What you are asked to do: Print exactly the lines from the one that contains "SIXPACK - Schnellspanner" through the final line of the entries below, both included, and nothing else; omit the pictures.

Material for this task:
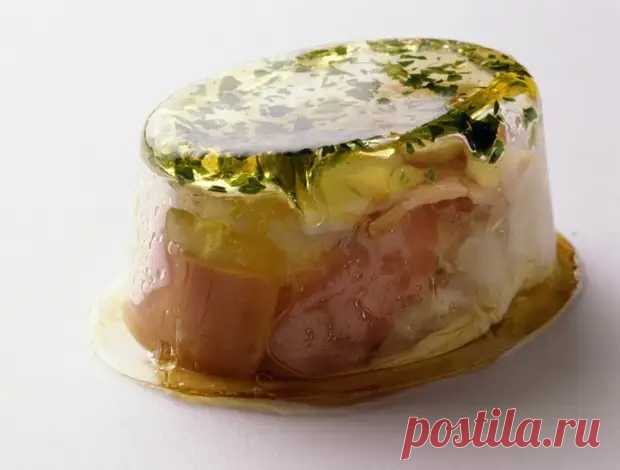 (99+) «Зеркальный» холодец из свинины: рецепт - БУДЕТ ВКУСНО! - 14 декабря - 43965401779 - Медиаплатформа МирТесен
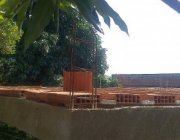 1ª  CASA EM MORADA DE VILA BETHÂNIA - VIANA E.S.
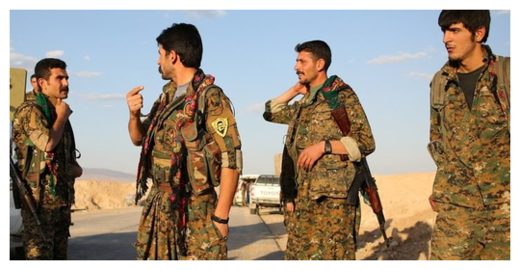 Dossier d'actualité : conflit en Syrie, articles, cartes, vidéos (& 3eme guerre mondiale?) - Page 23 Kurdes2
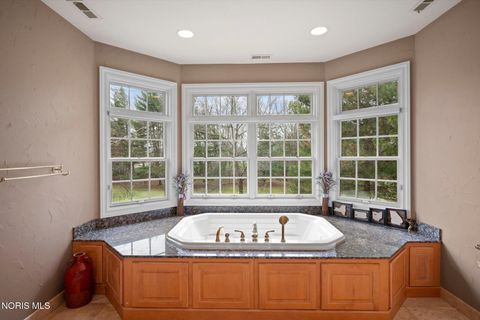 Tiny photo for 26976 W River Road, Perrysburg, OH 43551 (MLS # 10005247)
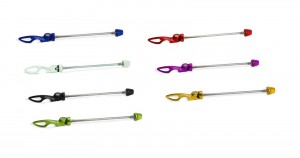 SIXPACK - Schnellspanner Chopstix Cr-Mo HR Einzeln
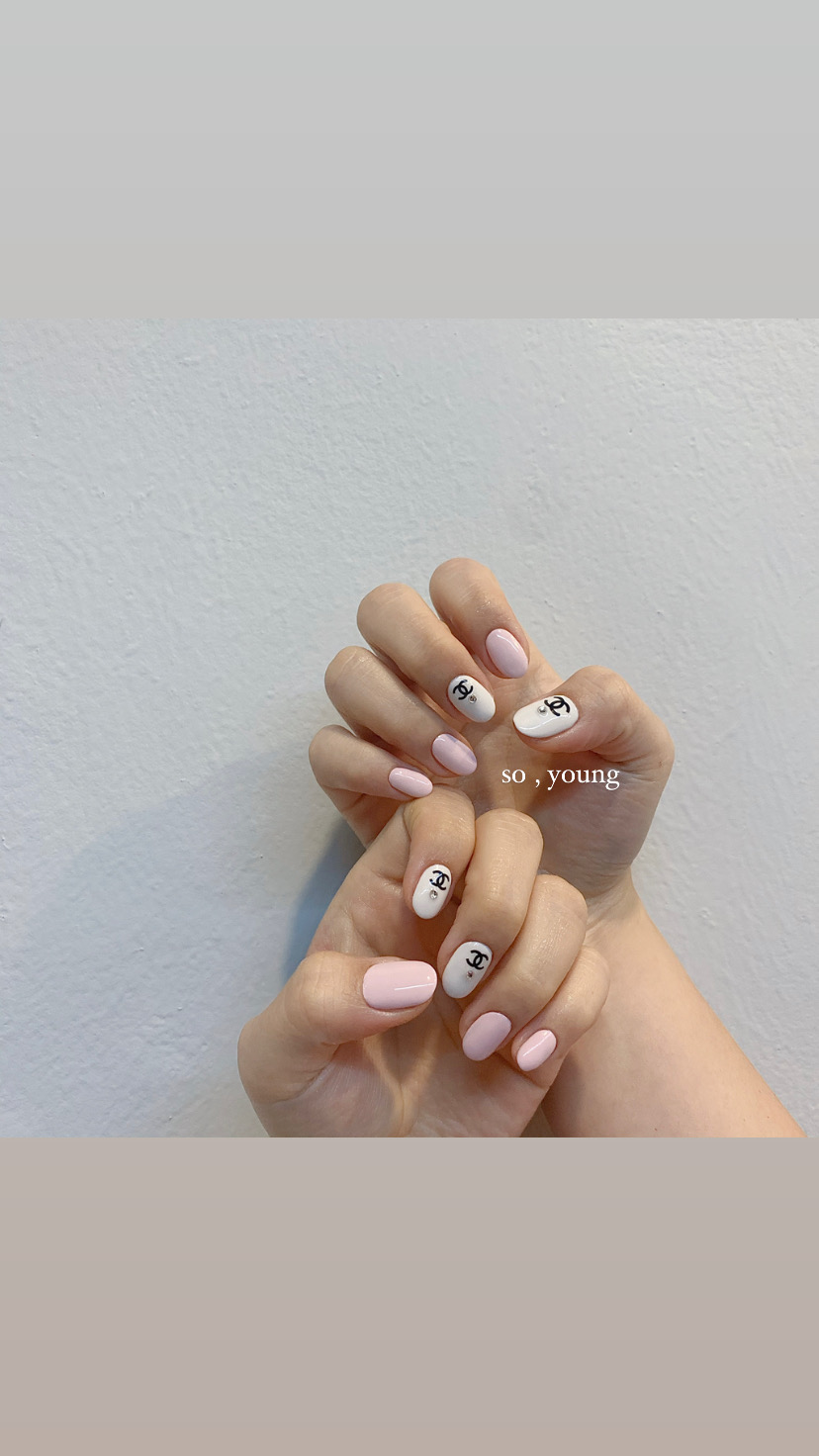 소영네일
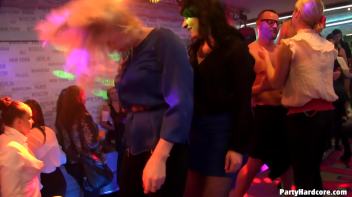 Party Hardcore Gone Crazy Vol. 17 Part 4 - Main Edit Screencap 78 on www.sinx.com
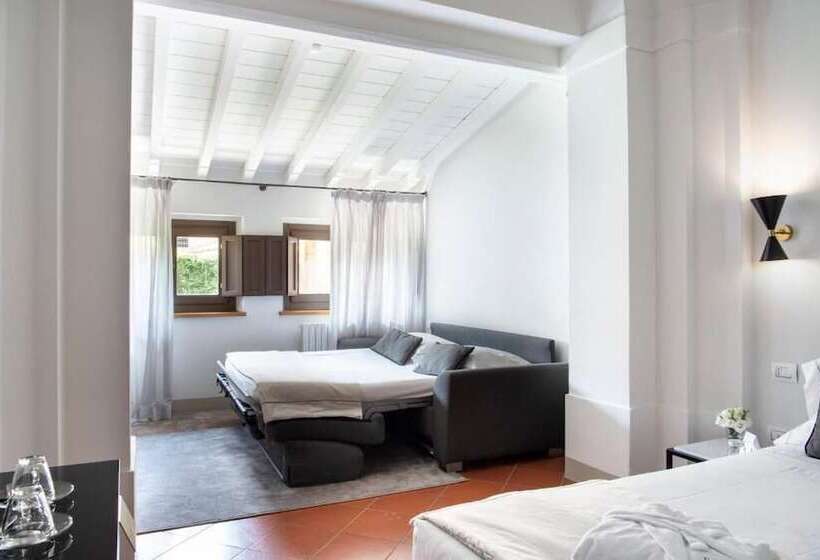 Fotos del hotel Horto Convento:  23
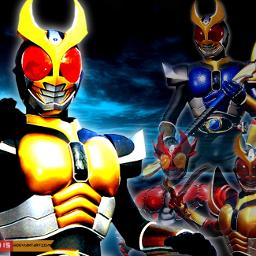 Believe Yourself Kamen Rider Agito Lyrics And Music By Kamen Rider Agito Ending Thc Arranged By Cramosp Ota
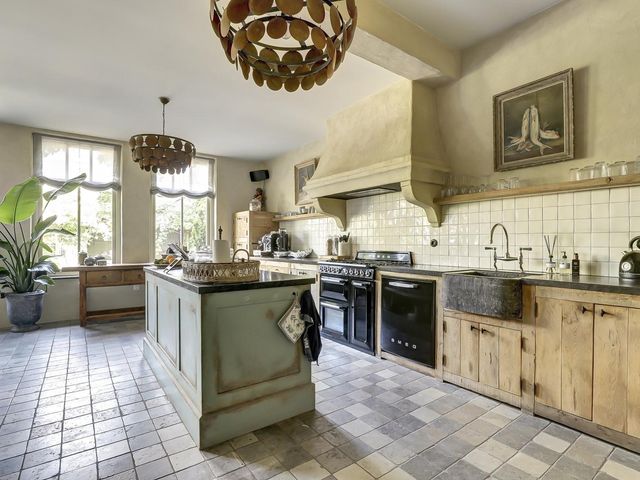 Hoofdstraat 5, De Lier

Written response:
 SIXPACK - Schnellspanner Chopstix Cr-Mo HR Einzeln
 소영네일
 Party Hardcore Gone Crazy Vol. 17 Part 4 - Main Edit Screencap 78 on www.sinx.com
 Fotos del hotel Horto Convento:  23
 Believe Yourself Kamen Rider Agito Lyrics And Music By Kamen Rider Agito Ending Thc Arranged By Cramosp Ota
 Hoofdstraat 5, De Lier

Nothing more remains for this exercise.